Einen Schub für den Windkraftausbau sollen die im Windenergieflächenbedarfsgesetz (WindBG) genannten verbindlichen Flächenziele für die einzelnen Bundesländer bringen. Alexander Krämer, Leitender Planer der Geschäftsstelle der Planungsgemeinschaft Rheinhessen-Nahe, führte aus, dass für Rheinland-Pfalz bis zum Jahr 2027 1,4 Prozent der Landesfläche für Windenergie ausgewiesen werden muss; laut WindBG sollen es bis 2032 2,2 Prozent sein. Allerdings möchte die Landesregierung die für 2032 genannte Vorgabe schon 2030 erfüllen. Dementsprechend arbeiten die Planungsgemeinschaften in Rheinland-Pfalz bereits daran, genehmigungsreife Planentwürfe zu erstellen.
Ein Beispiel dafür, wie der Windkraftausbau noch über die Zielvorgaben hinaus gelingen kann, lieferte der Landrat des Rhein-Hunsrück-Kreises, Volker Boch. Er legte dar, wie seit der Errichtung des ersten Windrads im Jahr 1995 die Windkraft sukzessive ausgebaut wurde. Heute produzieren 285 Windräder im Rhein-Hunsrück-Kreis Strom für mehr als 400.000 Haushalte. 3,3 Prozent der Fläche sind mit Windkraftanlagen belegt, die bilanziell 390 Prozent des Stromverbrauchs des Kreises erzeugen.
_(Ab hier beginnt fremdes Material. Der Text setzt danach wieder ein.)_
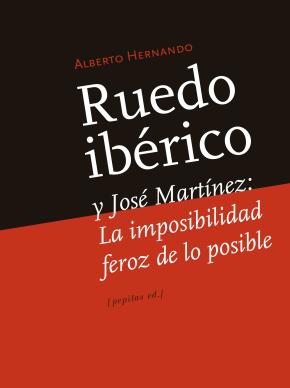 Ruedo Ibérico y José Martínez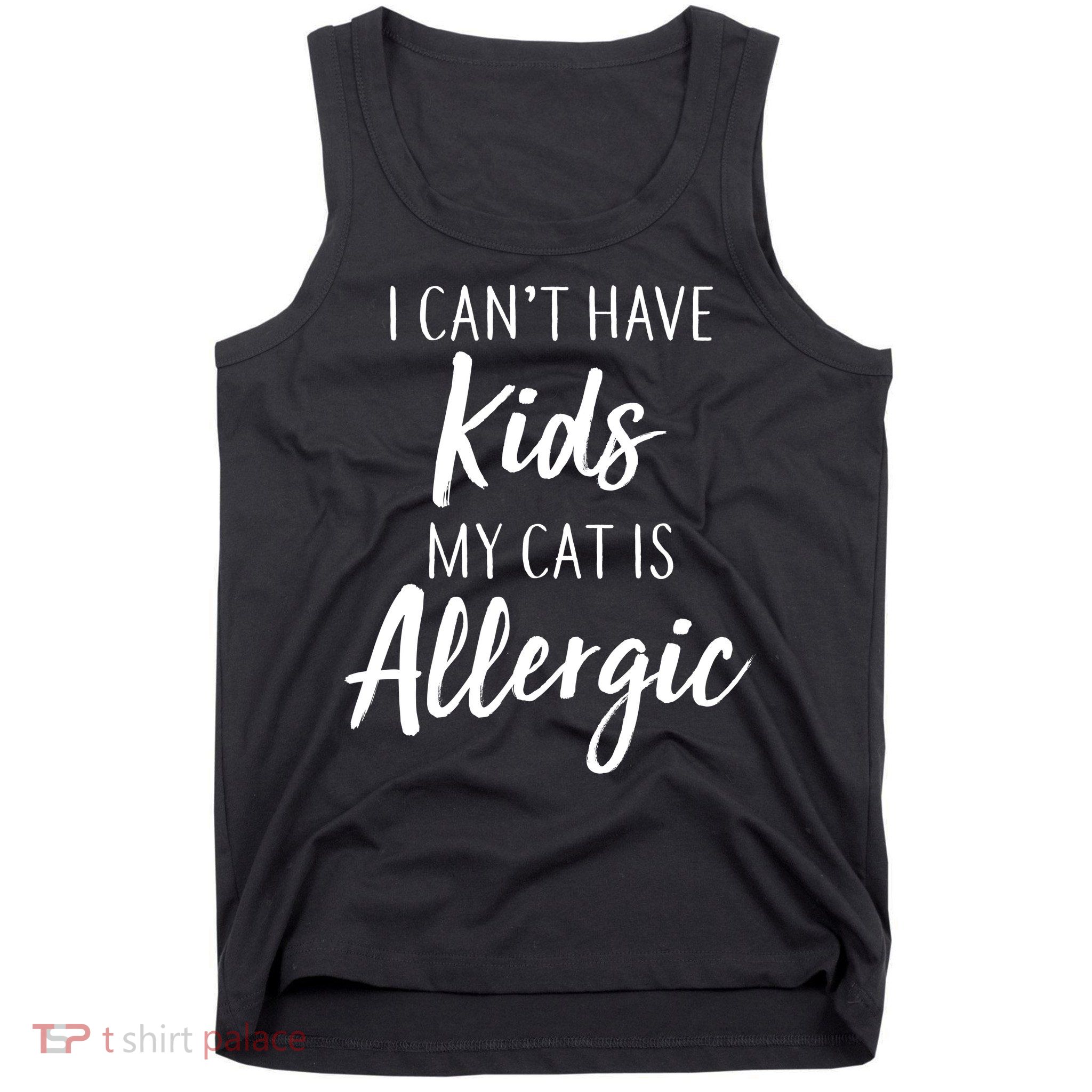 I Can't Have Kids My Cat Is Allergic Tank Top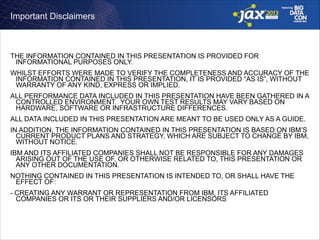 Important Disclaimers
Allerdings muss beim Thema Windenergieausbau der Artenschutz berücksichtigt werden, referierte Verena Schmidt, Abteilungsleiterin Naturschutz und nachhaltige Entwicklung im Ministerium für Klimaschutz, Umwelt, Energie und Mobilität (MKUEM). Zur Beschleunigung der Energiewende brauche es konfliktarme Flächen und zudem müssten ausreichend große Lebensräume und geeignete Habitate für gefährdete Arten wie beispielsweise den Rotmilan oder Fledermäuse erhalten bleiben. Aus Sicht der Landesregierung sind mehr als vier Prozent der Landesfläche konfliktarme Flächen, auf denen Windenergie ausgebaut werden kann, ohne dass es zur Kollision mit dem Arten- und Naturschutzrecht kommt.
Die Vorteile der Energiewende schlüssig kommunizieren
„Die Strom- und Wärmewende kann nur gelingen, wenn das Land den richtigen Rahmen setzt und die Kommunen, sei es auf eigenen Flächen oder Liegenschaften, aktiv in die Umsetzung von Maßnahmen gehen“, sagte Tobias Büttner. Aus diesem Grund müssten Kommunen bei ihren Bürgerinnen und Bürgern kontinuierlich um Akzeptanz für Klimaschutz und Energiewende werben.
Ein wichtiger Aspekt sei, die Vorteile von Energiewende und Klimaschutz darzustellen. Lokale / regionale Wertschöpfung sei dabei ein wichtiger Begriff. Denn wenn die Kommune Einnahmen erzielen könnten, beispielsweise durch Verpachtung kommunaler Flächen an Projektierer oder durch den Bau und Betrieb eigener erneuerbarer Energien-Anlagen, trage das nicht nur zur Entlastung kommunaler Budgets bei. Es stärke vielmehr auch die heimische Wirtschaft, schaffe neue Arbeitsplätze und erhöhe die Lebensqualität vor Ort, so Stefan Scholz aus, Fachreferent Geschäftsmodelle und kommunale Teilhabe bei der Energieagentur.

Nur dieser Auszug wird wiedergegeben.